For microarray analysis, RNA samples were labeled with Cy3 dye using the Low RNA Input QuickAmp Kit (Agilent), as recommended by the supplier. Labeled cRNA probes (400 ng) were hybridized on 8×60K high-density SurePrint G3 gene mouse GE 8×60K Agilent microarrays. Four biological replicates were performed for each experimental condition. The experimental data are deposited in the NCBI Gene Expression Omnibus (GEO) (http://www.ncbi.nlm.nih.gov/geo/) under the record number, GSE46470. Normalization of microarray data was performed using the Limma package (http://www.bioconductor.org). Interslide normalization was performed using the quantile methods. Means of ratios from 99mTc-treated versus control tissues were calculated and B-test analysis was performed. Differentially expressed genes were selected based on an adjusted p value of 0.05. Data from expression microarrays were analyzed for enrichment in biological themes (Gene Ontology molecular function and canonical pathways) and biological networks were built using Ingenuity Pathway Analysis software (http://www.ingenuity.com/) and Mediante [39].
Histology/Immunohistochemistry
Formalin-fixed, paraffin-embedded thyroid and salivary gland tissue sections were stained with hematoxylin/eosin for morphologic evaluation. Mouse NIS and phospho-Histone H2AX immunostaining were performed using a rabbit polyclonal anti-NIS antibody (antibody 25, see [35]) and an anti-Ser139 phospho H2AX rabbit mAb (Cell Signalling, France), followed by HRP-conjugated anti-rabbit antibodies and the avidin-biotin complex immunoperoxidase method, respectively. Apoptosis (TUNEL) staining was performed using the pro-TUNEL assay kit (Euromedex, France). The sections were analyzed by a certified veterinary pathologist.
Statistical Analysis
Dual comparisons were made using the Student's t-test and comparisons between multiple conditions were analyzed using ANOVA. Statistical significance was set at p<0.05.
Results
Dosimetric calculations
Figure 1A presents typical, volume-rendered, fused SPECT/CT images in anterior and lateral views of the thyroid region. 99mTcO4 − is accumulated in the thyroid (red) and the salivary gland (blue-green). To measure precisely the thyroid 99mTcO4 − content, regions-of-interest excluding the salivary glands were drawn around the entire thyroid.

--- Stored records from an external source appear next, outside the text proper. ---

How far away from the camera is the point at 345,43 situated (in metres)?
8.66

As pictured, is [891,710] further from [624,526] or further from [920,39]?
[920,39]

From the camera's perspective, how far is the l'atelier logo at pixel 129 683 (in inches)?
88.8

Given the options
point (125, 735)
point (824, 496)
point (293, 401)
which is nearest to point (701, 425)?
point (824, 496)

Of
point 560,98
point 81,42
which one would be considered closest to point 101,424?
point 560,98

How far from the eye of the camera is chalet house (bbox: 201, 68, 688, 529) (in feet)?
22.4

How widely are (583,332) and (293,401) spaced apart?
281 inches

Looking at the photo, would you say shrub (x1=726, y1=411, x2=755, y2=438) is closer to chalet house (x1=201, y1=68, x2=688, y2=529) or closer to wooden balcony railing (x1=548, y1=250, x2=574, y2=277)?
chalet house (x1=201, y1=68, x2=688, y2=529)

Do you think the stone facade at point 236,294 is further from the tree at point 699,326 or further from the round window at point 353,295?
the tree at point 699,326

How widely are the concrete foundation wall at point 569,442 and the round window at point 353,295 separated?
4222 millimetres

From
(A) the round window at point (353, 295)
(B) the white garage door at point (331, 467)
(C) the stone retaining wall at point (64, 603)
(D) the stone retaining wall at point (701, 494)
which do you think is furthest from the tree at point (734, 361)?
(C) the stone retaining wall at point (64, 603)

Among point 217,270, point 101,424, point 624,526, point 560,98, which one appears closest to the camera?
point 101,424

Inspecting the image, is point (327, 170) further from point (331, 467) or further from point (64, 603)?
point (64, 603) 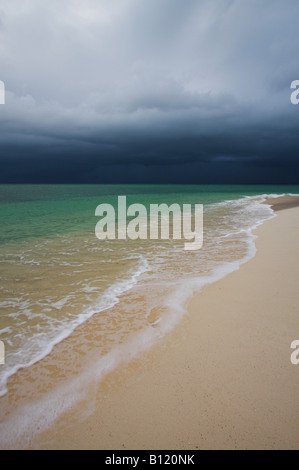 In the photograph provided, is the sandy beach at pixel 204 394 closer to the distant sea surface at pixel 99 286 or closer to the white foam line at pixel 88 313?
the distant sea surface at pixel 99 286

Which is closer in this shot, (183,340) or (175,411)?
(175,411)

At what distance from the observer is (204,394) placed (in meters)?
2.67

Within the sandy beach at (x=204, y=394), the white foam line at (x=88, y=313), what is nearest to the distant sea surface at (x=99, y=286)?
the white foam line at (x=88, y=313)

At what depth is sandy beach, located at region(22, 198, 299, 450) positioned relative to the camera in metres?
2.25

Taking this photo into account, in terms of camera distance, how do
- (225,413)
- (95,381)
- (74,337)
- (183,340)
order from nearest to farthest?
(225,413) → (95,381) → (183,340) → (74,337)

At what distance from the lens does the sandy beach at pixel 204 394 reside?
2.25m

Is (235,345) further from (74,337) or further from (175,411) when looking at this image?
(74,337)

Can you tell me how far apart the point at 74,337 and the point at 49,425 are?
60.5 inches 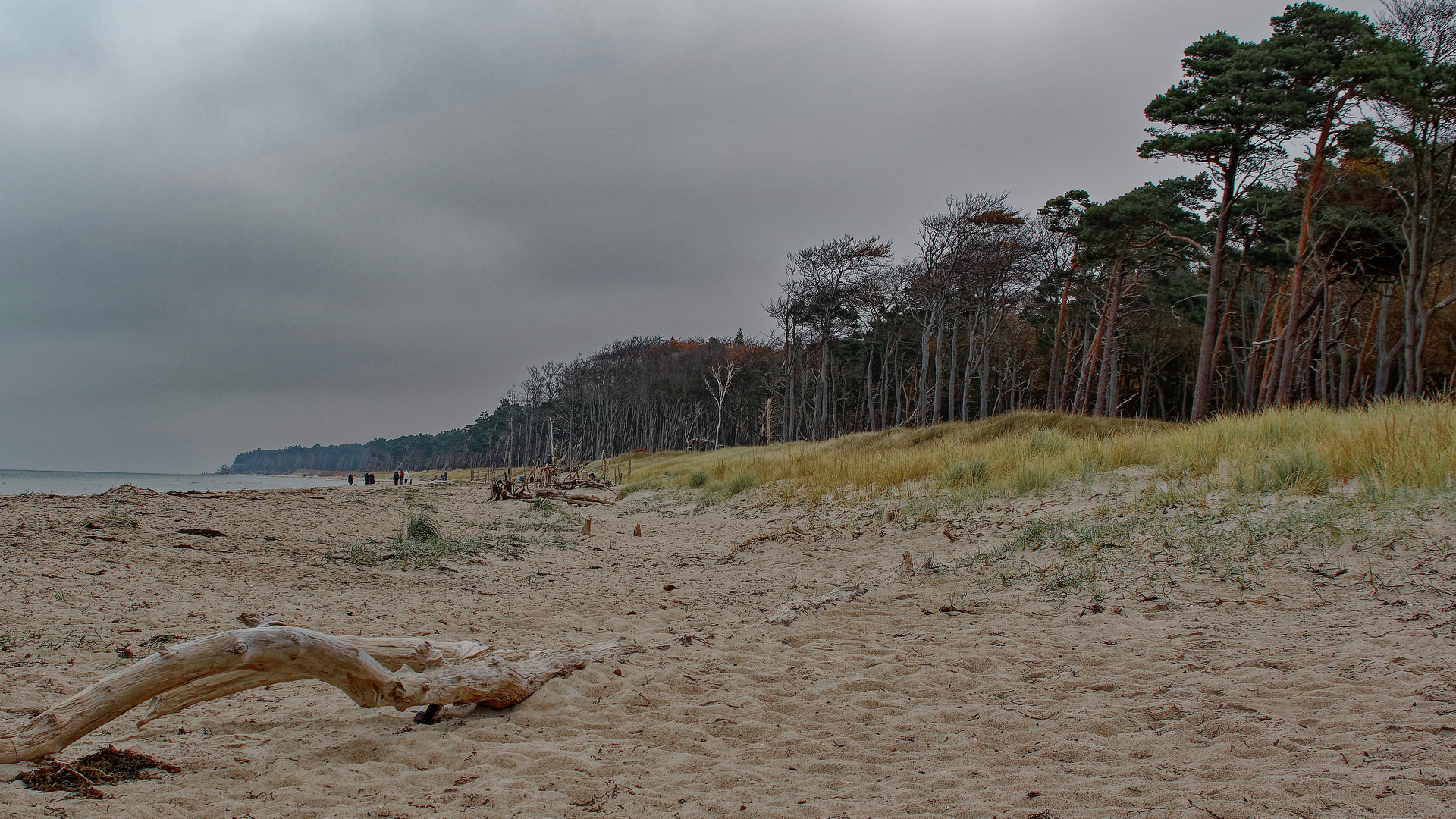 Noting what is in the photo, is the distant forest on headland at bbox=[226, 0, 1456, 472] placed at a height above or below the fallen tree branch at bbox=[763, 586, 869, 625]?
above

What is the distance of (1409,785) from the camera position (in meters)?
2.49

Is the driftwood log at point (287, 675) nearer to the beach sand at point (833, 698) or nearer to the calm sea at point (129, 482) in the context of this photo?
the beach sand at point (833, 698)

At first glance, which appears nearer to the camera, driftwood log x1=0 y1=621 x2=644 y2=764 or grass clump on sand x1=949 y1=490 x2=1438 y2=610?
driftwood log x1=0 y1=621 x2=644 y2=764

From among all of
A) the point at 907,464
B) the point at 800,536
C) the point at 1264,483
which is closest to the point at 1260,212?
the point at 907,464

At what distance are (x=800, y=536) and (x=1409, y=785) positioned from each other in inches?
310

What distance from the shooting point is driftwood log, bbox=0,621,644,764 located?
2.92m

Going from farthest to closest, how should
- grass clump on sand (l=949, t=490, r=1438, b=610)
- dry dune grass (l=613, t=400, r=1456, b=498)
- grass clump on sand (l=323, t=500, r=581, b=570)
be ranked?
grass clump on sand (l=323, t=500, r=581, b=570) → dry dune grass (l=613, t=400, r=1456, b=498) → grass clump on sand (l=949, t=490, r=1438, b=610)

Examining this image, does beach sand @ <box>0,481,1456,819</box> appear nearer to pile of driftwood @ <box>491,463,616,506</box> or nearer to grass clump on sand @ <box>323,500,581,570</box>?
grass clump on sand @ <box>323,500,581,570</box>

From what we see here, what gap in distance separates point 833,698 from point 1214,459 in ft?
23.5

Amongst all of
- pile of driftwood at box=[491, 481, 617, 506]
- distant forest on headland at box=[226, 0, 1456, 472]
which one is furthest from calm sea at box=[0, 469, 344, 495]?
distant forest on headland at box=[226, 0, 1456, 472]

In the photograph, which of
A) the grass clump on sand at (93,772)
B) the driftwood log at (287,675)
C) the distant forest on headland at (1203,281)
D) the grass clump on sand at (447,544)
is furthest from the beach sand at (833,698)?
the distant forest on headland at (1203,281)

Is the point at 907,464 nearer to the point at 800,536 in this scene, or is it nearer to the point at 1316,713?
the point at 800,536

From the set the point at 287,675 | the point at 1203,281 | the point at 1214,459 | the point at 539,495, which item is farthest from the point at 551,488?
the point at 1203,281

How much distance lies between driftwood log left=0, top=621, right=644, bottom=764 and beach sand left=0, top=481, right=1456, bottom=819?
0.60 ft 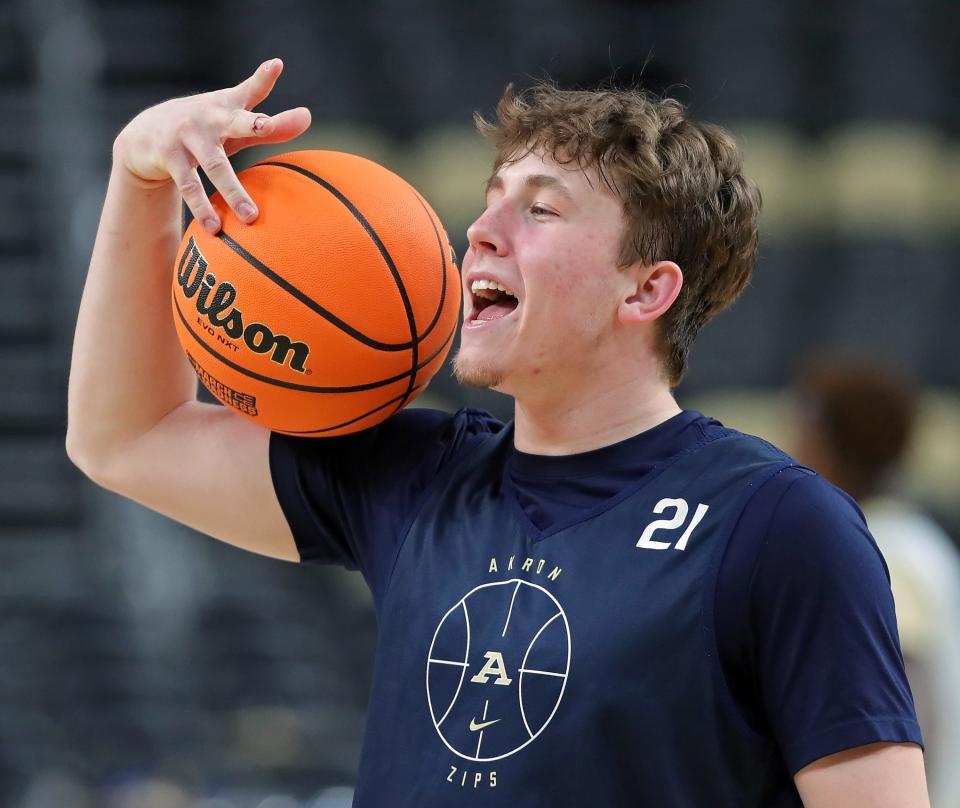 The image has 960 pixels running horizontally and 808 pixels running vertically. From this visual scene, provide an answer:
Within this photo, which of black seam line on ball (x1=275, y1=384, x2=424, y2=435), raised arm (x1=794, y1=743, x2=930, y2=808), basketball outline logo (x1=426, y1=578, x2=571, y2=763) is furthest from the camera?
black seam line on ball (x1=275, y1=384, x2=424, y2=435)

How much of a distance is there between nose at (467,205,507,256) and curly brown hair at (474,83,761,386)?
0.13 m

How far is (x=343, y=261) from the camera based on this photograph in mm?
2008

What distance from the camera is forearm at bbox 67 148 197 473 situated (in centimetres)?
215

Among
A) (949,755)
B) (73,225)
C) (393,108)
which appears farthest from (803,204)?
(949,755)

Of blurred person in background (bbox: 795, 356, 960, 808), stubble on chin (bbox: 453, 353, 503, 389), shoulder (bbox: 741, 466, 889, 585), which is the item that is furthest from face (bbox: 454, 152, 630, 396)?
blurred person in background (bbox: 795, 356, 960, 808)

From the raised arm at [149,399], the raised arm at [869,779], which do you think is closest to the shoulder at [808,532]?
the raised arm at [869,779]

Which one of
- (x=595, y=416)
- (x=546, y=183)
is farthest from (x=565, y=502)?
(x=546, y=183)

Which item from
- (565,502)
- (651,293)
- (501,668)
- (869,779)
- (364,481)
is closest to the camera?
(869,779)

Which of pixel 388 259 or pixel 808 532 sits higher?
pixel 388 259

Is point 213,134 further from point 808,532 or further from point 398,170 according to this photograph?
point 398,170

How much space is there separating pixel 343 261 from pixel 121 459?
539mm

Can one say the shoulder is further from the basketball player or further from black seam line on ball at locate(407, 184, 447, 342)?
black seam line on ball at locate(407, 184, 447, 342)

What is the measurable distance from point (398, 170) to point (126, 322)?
604cm

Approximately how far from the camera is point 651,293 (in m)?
2.01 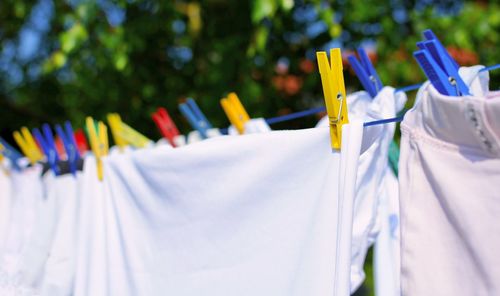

The kinetics of 99mTcO4 − uptake and release in the thyroid were measured by SPECT/CT on live, anesthetized mice, 60 minutes, three hours, and seven hours after intraperitoneal administration of 150 MBq 99mTcO4 −. Figure 1B shows that the radioisotope content in the thyroid reaches its maximal value within one hour after 99mTcO4 − injection, thereafter decreasing progressively to reach near-basal levels at an estimated time of 8 hours. To enrich the dataset, we performed a similar experiment on animals that were fed on a poor-iodide diet. Accumulation of 99mTcO4 − in the thyroid followed the same overall pattern (Figure 1B) but the value at the peak averaged 6.5 MBq with a low-iodide diet while it averaged 3.5 MBq in mice fed a normal-iodide diet. Dosimetric calculations based on these pharmacokinetic data are detailed in Material S1. They indicate that the thyroid self S-value was 4.55E−10 Gy.Bq−1.s−1. In these experimental conditions, the peak activity measured in the thyroid (ranging from 3 to 7 MBq) was strongly correlated (R2 = 0.985) with the cumulated activity, and hence with the absorbed dose to the thyroid at 24 hours (range 18.9 to 49.6 Gy) (Figure 1C). Based on these kinetics and calculations, SPECT/CT analyses of thyroid activity throughout the study were systematically performed 60 minutes after radioisotope administration and, when relevant, transformed into absorbed doses. Absorbed doses to the thyroid at 24 hours averaged 2.6±1.0, 4.8±0.7, 19.6±2.4, and 28.4±5.2 Gy, for injected activities of 10, 25, 100 and 150 MBq, respectively (Figure 1D). Thyroid activity (expressed as %ID) was 2.84±0.63, 2.6±0.35, 2.67±0.33 and 2.63±0.47 in mice injected with 10 (n = 4), 25 (n = 9), 100 (n = 9) or 150 (n = 29) MBq 99mTcO4 −, respectively. MBq, respectively (Figure 1D).
Dosimetric Requirement For 99mTcO4 −-Mediated Thyroid Stunning
Figure 2 shows that the threshold of initial absorbed dose required to observe a significant reduction (p = 0.048) in the capacity of the thyroid to take up 99mTcO4 − one day later was 22 Gy. In animals that received less than 22 Gy, the average decrease in 99mTcO4 − uptake was 3.95%, while in animals that received more than 22 Gy it was 17.5%.
Kinetics of 99mTcO4 −-mediated thyroid stunning
Using longitudinal follow up of individual mouse thyroids by SPECT/CT imaging, we next determined whether the 99mTcO4 −-mediated stunning was reversible. Thyroid activity was measured at day 0, upon administration of 150 MBq of 99mTcO4 −, resulting in an absorbed dose to the thyroid of 30 Gy, and reassessed after reinjection of 99mTcO4 −, at either day 1, 2, 4, or 8. Figure 3 shows that a single 30 Gy irradiation of the thyroid reduced the magnitude of 99mTcO4 − thyroid uptake by 45% at 24 hours. This impairment in thyroid uptake was observed for up to two days and the ability of the gland to take up the radiotracer was completely restored four days after the initial administration of 99mTcO4 −. These data demonstrate that the stunning is rapidly reversible.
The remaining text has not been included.